Recent database technology that should be on your radar (part 1)

Luc Perkins    Monday, June 15, 2020


I’m a huge fan of databases, so much so that I’ve written a book on so-called “NoSQL” databases, I spent some of my most fruitful years in tech working on the highly influential distributed database Riak, and I even built a database called Purple last year just for fun.

Naturally, I’m always on the lookout for new and exciting developments in databases and DB-related tools when I scan (trash fires like) Twitter, Reddit, and HackerNews. In this post I’d like to talk about three recently minted database technologies that I find intriguing:

In part 2 I’ll cover three others:

In part 3 I’ll conclude with some closing thoughts. Note: I’ll be focusing exclusively on the core technologies and mostly ignoring things like enterprise features (where applicable).

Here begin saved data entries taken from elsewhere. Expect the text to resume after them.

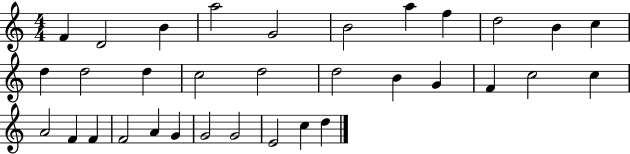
X:1
T:Untitled
M:4/4
L:1/4
K:C
F D2 B a2 G2 B2 a f d2 B c d d2 d c2 d2 d2 B G F c2 c A2 F F F2 A G G2 G2 E2 c d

My selection criteria are purely subjective. If there’s something you don’t see here that you think I should be checking out, tweet at me and let me know! My handle is @lucperkins.

TileDB

TileDB is a DB built around multi-dimensional arrays that enables you to easily work with types that aren’t a great fit for existing RDBMS systems, such as dense and sparse arrays and dataframes. TileDB is specifically geared toward use cases like genomics and geospatial data.

Noteworthy features

What I like most

I’m a fan of “specialty” DBs like this that hone in on a specific set of data types and problems. The great thing about traditional RDBMSes is that they’re versatile enough to cover an extremely wide array of use cases (no pun intended) but sometimes you have “last mile” edge cases that are both (a) beyond the capabilities of “kitchen sink” systems and also (b) at the core of your business.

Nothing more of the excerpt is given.